What you are asked to do: Your task is to print every entry below exactly as given.

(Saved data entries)
>>>

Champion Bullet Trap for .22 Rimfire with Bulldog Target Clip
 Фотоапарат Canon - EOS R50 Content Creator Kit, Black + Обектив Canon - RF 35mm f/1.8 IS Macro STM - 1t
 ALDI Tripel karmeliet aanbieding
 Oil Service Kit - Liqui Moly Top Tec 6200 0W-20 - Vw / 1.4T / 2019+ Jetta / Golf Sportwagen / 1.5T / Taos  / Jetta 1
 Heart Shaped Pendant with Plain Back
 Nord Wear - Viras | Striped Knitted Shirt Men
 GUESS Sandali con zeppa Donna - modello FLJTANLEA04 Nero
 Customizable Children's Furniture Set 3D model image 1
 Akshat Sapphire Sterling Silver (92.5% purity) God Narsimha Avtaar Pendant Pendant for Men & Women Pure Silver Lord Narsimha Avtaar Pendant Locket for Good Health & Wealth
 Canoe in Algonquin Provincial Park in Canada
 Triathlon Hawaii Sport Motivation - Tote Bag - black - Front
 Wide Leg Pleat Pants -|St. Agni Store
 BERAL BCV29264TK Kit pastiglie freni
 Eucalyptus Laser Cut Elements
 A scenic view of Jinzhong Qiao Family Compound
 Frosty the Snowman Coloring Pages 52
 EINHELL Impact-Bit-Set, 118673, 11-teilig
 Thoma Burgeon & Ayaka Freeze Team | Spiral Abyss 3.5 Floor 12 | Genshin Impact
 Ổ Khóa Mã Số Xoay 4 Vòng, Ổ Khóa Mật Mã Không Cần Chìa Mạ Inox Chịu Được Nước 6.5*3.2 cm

<<<

Result of the task:
Champion Bullet Trap for .22 Rimfire with Bulldog Target Clip
 Фотоапарат Canon - EOS R50 Content Creator Kit, Black + Обектив Canon - RF 35mm f/1.8 IS Macro STM - 1t
 ALDI Tripel karmeliet aanbieding
 Oil Service Kit - Liqui Moly Top Tec 6200 0W-20 - Vw / 1.4T / 2019+ Jetta / Golf Sportwagen / 1.5T / Taos  / Jetta 1
 Heart Shaped Pendant with Plain Back
 Nord Wear - Viras | Striped Knitted Shirt Men
 GUESS Sandali con zeppa Donna - modello FLJTANLEA04 Nero
 Customizable Children's Furniture Set 3D model image 1
 Akshat Sapphire Sterling Silver (92.5% purity) God Narsimha Avtaar Pendant Pendant for Men & Women Pure Silver Lord Narsimha Avtaar Pendant Locket for Good Health & Wealth
 Canoe in Algonquin Provincial Park in Canada
 Triathlon Hawaii Sport Motivation - Tote Bag - black - Front
 Wide Leg Pleat Pants -|St. Agni Store
 BERAL BCV29264TK Kit pastiglie freni
 Eucalyptus Laser Cut Elements
 A scenic view of Jinzhong Qiao Family Compound
 Frosty the Snowman Coloring Pages 52
 EINHELL Impact-Bit-Set, 118673, 11-teilig
 Thoma Burgeon & Ayaka Freeze Team | Spiral Abyss 3.5 Floor 12 | Genshin Impact
 Ổ Khóa Mã Số Xoay 4 Vòng, Ổ Khóa Mật Mã Không Cần Chìa Mạ Inox Chịu Được Nước 6.5*3.2 cm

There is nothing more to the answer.